* **Exercise prompt**:
Only lines with the word "Road" are needed; collect each of them from the listing below.

* **Data for the task**:

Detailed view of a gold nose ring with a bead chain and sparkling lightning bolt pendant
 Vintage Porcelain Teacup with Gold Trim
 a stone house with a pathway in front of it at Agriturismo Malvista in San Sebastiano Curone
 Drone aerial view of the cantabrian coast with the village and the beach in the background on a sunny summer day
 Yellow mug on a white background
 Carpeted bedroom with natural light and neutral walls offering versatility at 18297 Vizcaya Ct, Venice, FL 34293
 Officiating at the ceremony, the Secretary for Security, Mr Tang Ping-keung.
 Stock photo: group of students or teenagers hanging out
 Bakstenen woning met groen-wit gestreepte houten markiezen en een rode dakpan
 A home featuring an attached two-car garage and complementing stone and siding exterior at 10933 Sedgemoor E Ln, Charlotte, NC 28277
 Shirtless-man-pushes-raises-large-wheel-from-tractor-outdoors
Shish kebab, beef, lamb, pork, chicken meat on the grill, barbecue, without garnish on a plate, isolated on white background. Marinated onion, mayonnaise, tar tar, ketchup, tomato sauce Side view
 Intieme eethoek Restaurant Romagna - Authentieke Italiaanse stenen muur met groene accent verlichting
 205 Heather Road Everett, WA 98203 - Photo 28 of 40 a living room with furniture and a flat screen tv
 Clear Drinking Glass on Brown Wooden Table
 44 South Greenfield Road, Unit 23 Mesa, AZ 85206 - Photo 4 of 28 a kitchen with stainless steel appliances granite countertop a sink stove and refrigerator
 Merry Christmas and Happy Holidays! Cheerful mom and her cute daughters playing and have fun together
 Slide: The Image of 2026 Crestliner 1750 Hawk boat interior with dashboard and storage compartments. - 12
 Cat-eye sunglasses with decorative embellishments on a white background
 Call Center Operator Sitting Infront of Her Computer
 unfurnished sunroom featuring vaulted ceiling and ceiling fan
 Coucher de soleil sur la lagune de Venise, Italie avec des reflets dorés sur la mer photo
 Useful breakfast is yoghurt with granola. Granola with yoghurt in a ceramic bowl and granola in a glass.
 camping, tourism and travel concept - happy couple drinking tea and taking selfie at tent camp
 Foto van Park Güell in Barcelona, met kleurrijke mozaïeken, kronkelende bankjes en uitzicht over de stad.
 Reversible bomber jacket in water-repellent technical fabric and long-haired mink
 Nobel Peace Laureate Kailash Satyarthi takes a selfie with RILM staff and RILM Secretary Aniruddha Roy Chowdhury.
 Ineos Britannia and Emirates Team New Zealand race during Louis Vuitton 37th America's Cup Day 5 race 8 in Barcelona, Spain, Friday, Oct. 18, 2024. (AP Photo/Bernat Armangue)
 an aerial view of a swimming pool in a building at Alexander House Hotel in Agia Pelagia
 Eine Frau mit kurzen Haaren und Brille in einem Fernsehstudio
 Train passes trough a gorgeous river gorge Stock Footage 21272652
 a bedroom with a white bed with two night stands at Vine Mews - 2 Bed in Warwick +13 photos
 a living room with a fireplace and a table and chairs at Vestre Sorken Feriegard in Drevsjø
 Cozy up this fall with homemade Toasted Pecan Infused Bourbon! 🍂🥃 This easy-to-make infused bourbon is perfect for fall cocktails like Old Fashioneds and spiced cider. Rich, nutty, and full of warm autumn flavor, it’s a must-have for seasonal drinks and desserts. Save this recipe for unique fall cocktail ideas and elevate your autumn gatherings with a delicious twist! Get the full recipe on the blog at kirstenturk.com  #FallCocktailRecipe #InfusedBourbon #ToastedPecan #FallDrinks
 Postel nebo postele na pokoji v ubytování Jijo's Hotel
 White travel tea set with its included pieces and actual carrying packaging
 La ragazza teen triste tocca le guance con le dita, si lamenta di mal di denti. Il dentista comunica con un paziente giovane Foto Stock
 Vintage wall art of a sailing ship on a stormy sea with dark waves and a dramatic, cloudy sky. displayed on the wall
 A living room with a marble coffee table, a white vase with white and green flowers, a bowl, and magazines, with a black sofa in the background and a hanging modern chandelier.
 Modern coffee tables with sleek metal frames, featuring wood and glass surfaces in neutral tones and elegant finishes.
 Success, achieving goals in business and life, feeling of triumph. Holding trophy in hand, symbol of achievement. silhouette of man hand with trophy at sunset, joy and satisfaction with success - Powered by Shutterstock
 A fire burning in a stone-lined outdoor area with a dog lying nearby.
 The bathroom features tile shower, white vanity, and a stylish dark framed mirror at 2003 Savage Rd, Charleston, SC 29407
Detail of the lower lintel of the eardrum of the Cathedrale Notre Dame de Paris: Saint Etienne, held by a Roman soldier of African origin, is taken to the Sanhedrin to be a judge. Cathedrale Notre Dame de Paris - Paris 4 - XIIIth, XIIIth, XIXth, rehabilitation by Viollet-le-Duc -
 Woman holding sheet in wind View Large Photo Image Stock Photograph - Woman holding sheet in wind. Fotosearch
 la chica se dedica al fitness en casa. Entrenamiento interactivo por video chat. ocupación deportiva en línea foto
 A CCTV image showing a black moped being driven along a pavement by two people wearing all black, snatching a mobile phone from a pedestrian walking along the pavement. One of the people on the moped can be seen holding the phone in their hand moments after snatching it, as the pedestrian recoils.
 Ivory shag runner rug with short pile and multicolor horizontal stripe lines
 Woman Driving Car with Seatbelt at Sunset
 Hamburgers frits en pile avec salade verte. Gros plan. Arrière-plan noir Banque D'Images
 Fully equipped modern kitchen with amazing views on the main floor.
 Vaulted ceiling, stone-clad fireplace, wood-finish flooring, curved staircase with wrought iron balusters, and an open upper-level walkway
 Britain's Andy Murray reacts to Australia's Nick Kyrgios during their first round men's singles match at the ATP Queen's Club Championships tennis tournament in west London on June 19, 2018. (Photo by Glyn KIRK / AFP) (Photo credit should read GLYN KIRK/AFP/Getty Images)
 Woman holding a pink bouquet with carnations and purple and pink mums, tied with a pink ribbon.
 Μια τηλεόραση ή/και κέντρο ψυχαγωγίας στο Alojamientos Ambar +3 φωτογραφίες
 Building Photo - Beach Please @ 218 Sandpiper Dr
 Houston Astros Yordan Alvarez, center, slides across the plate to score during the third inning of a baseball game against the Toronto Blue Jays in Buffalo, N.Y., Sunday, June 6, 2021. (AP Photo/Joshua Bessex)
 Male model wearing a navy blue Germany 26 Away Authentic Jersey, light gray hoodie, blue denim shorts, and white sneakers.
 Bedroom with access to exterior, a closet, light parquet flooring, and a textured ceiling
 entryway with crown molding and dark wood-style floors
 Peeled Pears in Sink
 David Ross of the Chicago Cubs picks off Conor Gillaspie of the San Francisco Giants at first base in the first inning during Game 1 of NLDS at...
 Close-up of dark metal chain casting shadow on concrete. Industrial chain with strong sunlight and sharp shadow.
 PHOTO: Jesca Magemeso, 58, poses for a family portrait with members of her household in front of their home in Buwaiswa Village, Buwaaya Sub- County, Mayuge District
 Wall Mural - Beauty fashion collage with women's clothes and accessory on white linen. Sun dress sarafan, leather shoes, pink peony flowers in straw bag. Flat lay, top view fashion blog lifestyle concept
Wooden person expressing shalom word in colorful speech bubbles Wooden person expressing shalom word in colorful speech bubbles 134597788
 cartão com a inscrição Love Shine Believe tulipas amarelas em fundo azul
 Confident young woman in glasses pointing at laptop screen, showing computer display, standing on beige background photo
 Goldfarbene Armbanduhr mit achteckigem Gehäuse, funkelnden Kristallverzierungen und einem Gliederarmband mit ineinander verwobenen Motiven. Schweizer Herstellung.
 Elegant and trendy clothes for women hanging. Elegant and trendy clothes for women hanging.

* **Exercise result**:
 205 Heather Road Everett, WA 98203 - Photo 28 of 40 a living room with furniture and a flat screen tv
 44 South Greenfield Road, Unit 23 Mesa, AZ 85206 - Photo 4 of 28 a kitchen with stainless steel appliances granite countertop a sink stove and refrigerator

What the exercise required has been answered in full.